> **Source material**:
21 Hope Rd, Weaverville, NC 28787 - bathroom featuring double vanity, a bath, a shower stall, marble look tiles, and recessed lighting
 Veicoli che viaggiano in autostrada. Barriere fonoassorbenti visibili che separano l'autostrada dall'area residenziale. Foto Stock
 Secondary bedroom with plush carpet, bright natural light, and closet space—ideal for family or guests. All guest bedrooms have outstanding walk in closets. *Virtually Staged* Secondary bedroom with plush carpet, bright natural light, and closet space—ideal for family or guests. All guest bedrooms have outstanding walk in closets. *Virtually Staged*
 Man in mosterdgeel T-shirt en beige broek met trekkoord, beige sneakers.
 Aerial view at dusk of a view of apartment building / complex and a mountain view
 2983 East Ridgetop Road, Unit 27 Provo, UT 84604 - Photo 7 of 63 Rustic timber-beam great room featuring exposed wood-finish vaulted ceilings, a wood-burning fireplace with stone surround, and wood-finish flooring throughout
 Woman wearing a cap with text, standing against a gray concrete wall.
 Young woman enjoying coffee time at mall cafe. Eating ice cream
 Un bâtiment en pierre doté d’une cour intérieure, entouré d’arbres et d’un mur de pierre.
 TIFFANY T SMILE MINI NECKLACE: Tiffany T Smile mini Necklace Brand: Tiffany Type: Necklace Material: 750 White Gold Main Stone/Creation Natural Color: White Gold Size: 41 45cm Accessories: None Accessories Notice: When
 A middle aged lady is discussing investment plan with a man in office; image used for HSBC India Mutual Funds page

> **Task description**: The answer must consist of each line in the entries above that includes "featuring".

> **Finished exercise**:
21 Hope Rd, Weaverville, NC 28787 - bathroom featuring double vanity, a bath, a shower stall, marble look tiles, and recessed lighting
 2983 East Ridgetop Road, Unit 27 Provo, UT 84604 - Photo 7 of 63 Rustic timber-beam great room featuring exposed wood-finish vaulted ceilings, a wood-burning fireplace with stone surround, and wood-finish flooring throughout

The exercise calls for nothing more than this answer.